Excerpts from a dataset
*** Begin section ***

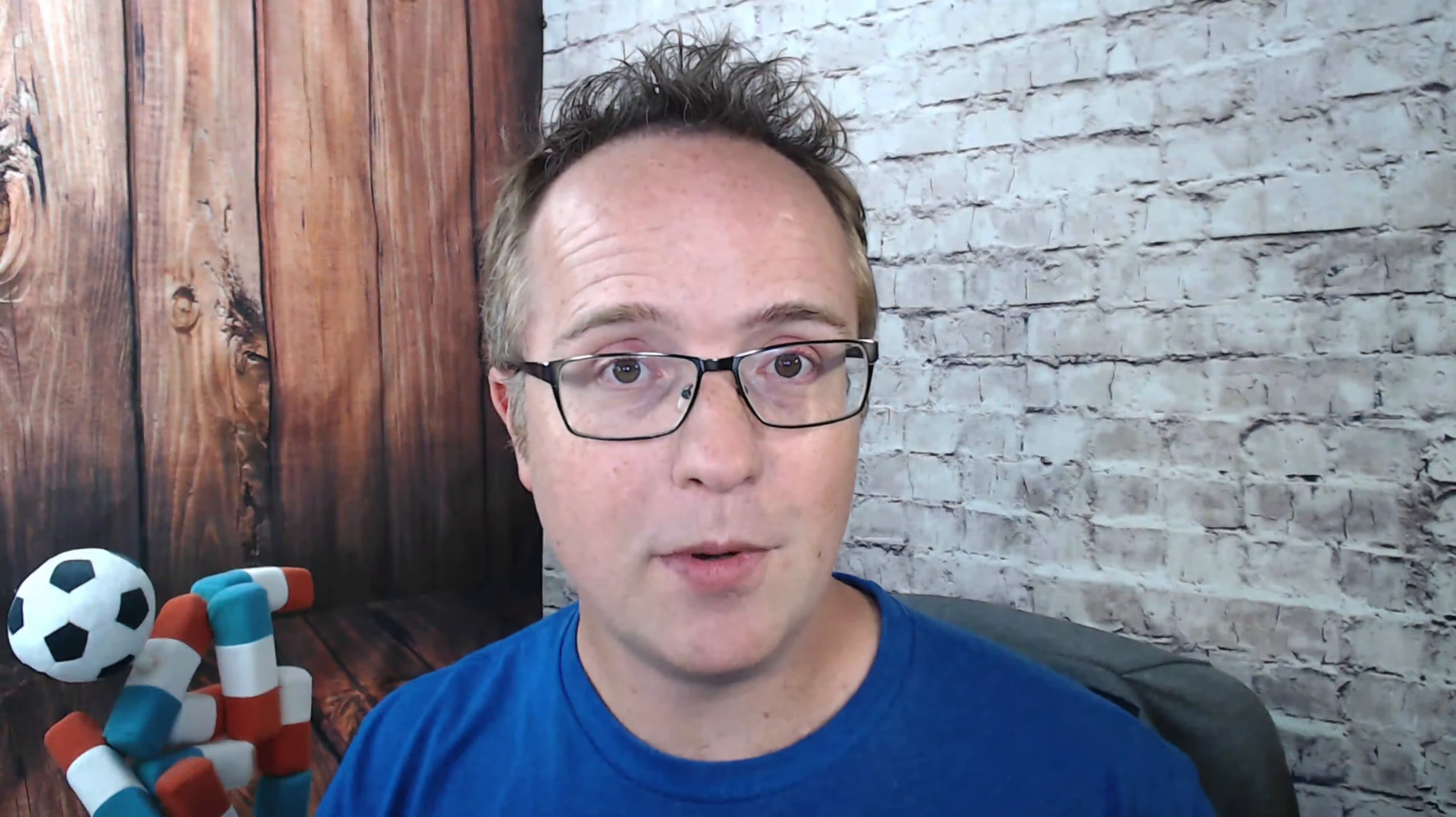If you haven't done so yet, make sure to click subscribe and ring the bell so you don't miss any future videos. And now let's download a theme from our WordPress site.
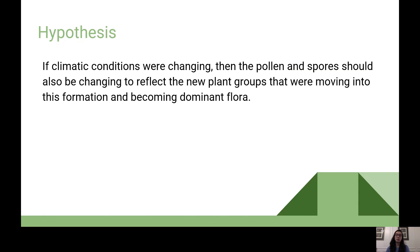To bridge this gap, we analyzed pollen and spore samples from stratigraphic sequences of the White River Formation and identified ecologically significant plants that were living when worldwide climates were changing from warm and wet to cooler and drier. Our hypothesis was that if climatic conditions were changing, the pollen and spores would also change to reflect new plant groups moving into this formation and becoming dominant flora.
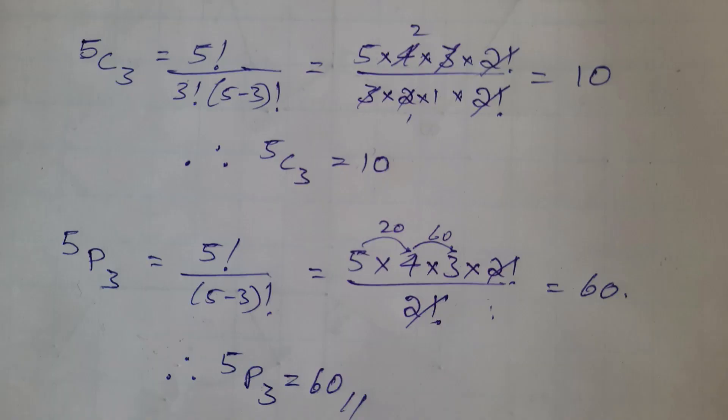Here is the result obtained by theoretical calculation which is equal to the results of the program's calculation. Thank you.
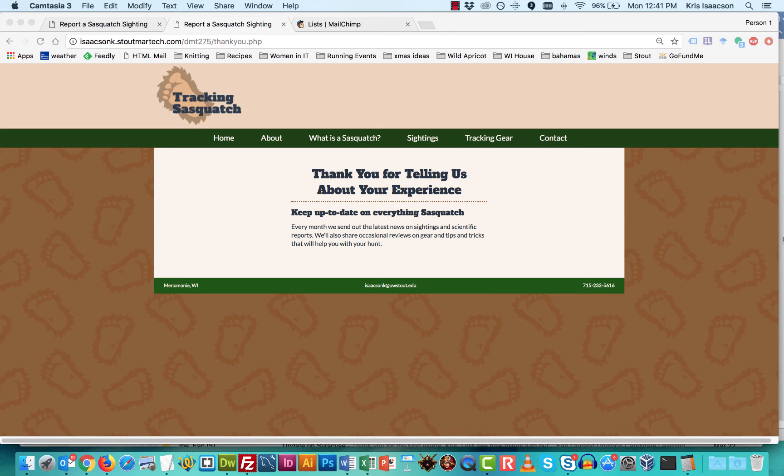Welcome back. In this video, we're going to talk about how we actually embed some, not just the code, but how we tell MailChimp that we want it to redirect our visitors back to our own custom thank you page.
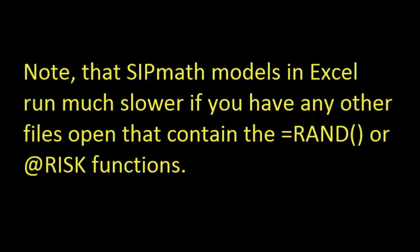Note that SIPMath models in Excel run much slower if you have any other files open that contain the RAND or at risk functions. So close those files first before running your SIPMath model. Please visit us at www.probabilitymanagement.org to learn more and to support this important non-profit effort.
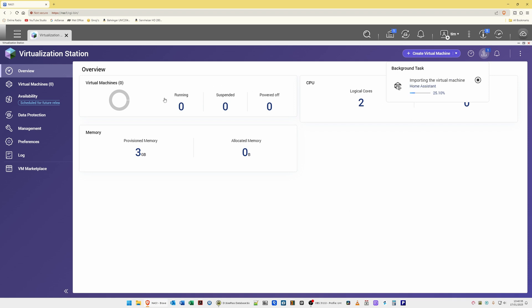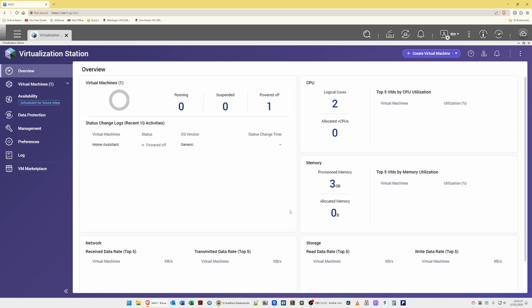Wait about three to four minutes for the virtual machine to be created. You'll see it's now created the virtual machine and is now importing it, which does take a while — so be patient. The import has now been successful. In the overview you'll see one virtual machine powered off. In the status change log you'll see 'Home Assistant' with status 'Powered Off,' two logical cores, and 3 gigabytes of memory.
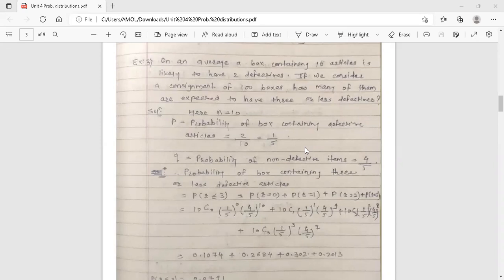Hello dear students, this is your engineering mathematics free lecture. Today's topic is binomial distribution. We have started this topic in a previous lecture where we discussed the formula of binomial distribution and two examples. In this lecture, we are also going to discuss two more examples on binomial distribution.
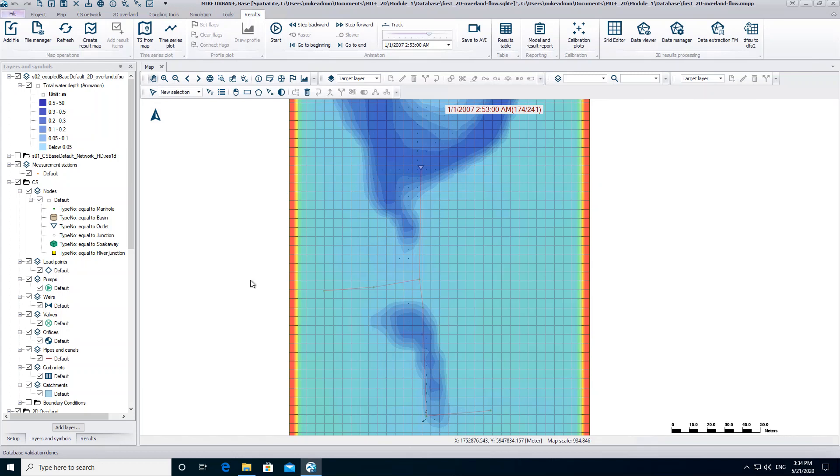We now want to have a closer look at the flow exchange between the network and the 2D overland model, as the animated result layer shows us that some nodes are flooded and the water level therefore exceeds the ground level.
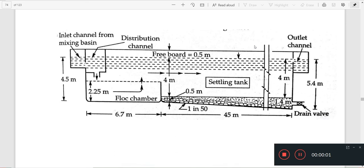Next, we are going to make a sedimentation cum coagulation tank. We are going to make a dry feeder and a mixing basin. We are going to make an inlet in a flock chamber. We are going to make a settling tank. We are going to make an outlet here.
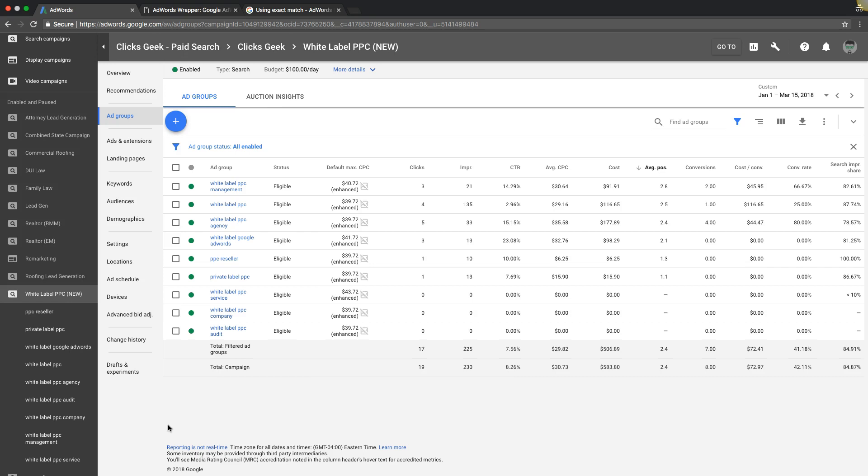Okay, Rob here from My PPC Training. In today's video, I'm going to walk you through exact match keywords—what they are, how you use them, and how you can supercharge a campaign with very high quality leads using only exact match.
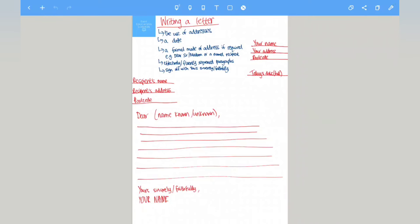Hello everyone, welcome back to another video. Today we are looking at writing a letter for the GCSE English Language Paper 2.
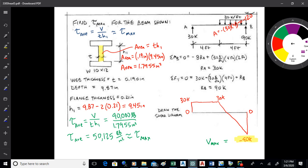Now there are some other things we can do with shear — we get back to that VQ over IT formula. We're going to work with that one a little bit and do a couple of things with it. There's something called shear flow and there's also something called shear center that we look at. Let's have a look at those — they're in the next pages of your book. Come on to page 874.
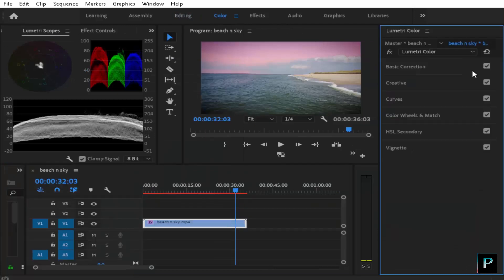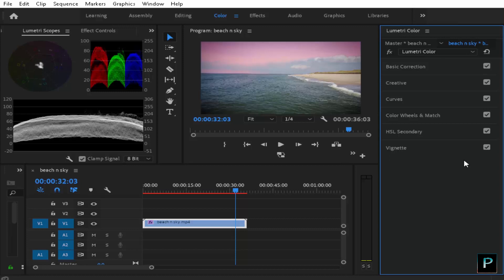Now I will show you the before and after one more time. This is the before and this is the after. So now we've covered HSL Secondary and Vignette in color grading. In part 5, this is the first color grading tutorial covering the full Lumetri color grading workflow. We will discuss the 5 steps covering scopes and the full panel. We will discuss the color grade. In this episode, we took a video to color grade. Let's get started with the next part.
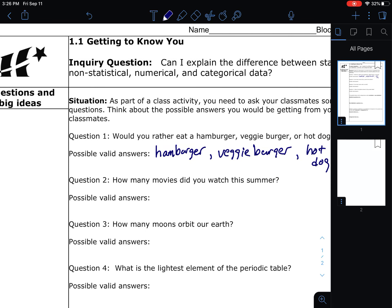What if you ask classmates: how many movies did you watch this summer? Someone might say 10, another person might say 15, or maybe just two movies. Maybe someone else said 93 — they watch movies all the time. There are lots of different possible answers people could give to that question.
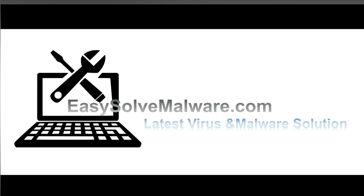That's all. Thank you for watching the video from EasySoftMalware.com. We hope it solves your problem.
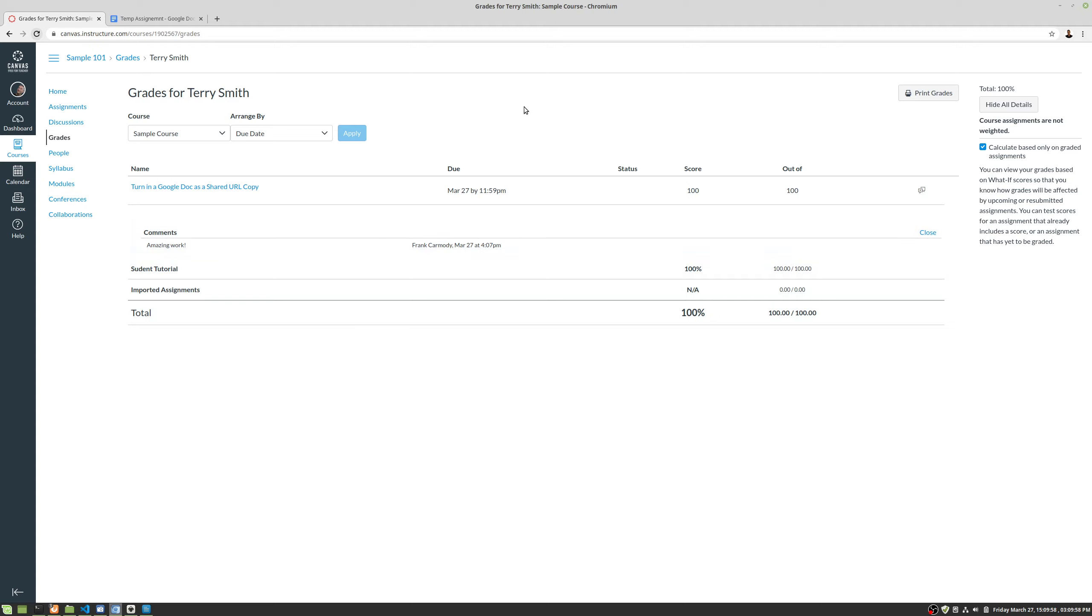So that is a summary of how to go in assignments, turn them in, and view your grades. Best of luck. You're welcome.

*** End section ***

> **Problem requirements**: An exact copy of every entry, pictures left out, is what to write here.

> **Completed task**:
If you haven't done so yet, make sure to click subscribe and ring the bell so you don't miss any future videos. And now let's download a theme from our WordPress site.
To bridge this gap, we analyzed pollen and spore samples from stratigraphic sequences of the White River Formation and identified ecologically significant plants that were living when worldwide climates were changing from warm and wet to cooler and drier. Our hypothesis was that if climatic conditions were changing, the pollen and spores would also change to reflect new plant groups moving into this formation and becoming dominant flora.
Here is the result obtained by theoretical calculation which is equal to the results of the program's calculation. Thank you.
Welcome back. In this video, we're going to talk about how we actually embed some, not just the code, but how we tell MailChimp that we want it to redirect our visitors back to our own custom thank you page.
Note that SIPMath models in Excel run much slower if you have any other files open that contain the RAND or at risk functions. So close those files first before running your SIPMath model. Please visit us at www.probabilitymanagement.org to learn more and to support this important non-profit effort.
Wait about three to four minutes for the virtual machine to be created. You'll see it's now created the virtual machine and is now importing it, which does take a while — so be patient. The import has now been successful. In the overview you'll see one virtual machine powered off. In the status change log you'll see 'Home Assistant' with status 'Powered Off,' two logical cores, and 3 gigabytes of memory.
Hello dear students, this is your engineering mathematics free lecture. Today's topic is binomial distribution. We have started this topic in a previous lecture where we discussed the formula of binomial distribution and two examples. In this lecture, we are also going to discuss two more examples on binomial distribution.
We now want to have a closer look at the flow exchange between the network and the 2D overland model, as the animated result layer shows us that some nodes are flooded and the water level therefore exceeds the ground level.
Next, we are going to make a sedimentation cum coagulation tank. We are going to make a dry feeder and a mixing basin. We are going to make an inlet in a flock chamber. We are going to make a settling tank. We are going to make an outlet here.
Okay, Rob here from My PPC Training. In today's video, I'm going to walk you through exact match keywords—what they are, how you use them, and how you can supercharge a campaign with very high quality leads using only exact match.
Hello everyone, welcome back to another video. Today we are looking at writing a letter for the GCSE English Language Paper 2.
Now there are some other things we can do with shear — we get back to that VQ over IT formula. We're going to work with that one a little bit and do a couple of things with it. There's something called shear flow and there's also something called shear center that we look at. Let's have a look at those — they're in the next pages of your book. Come on to page 874.
Now I will show you the before and after one more time. This is the before and this is the after. So now we've covered HSL Secondary and Vignette in color grading. In part 5, this is the first color grading tutorial covering the full Lumetri color grading workflow. We will discuss the 5 steps covering scopes and the full panel. We will discuss the color grade. In this episode, we took a video to color grade. Let's get started with the next part.
What if you ask classmates: how many movies did you watch this summer? Someone might say 10, another person might say 15, or maybe just two movies. Maybe someone else said 93 — they watch movies all the time. There are lots of different possible answers people could give to that question.
That's all. Thank you for watching the video from EasySoftMalware.com. We hope it solves your problem.
So that is a summary of how to go in assignments, turn them in, and view your grades. Best of luck. You're welcome.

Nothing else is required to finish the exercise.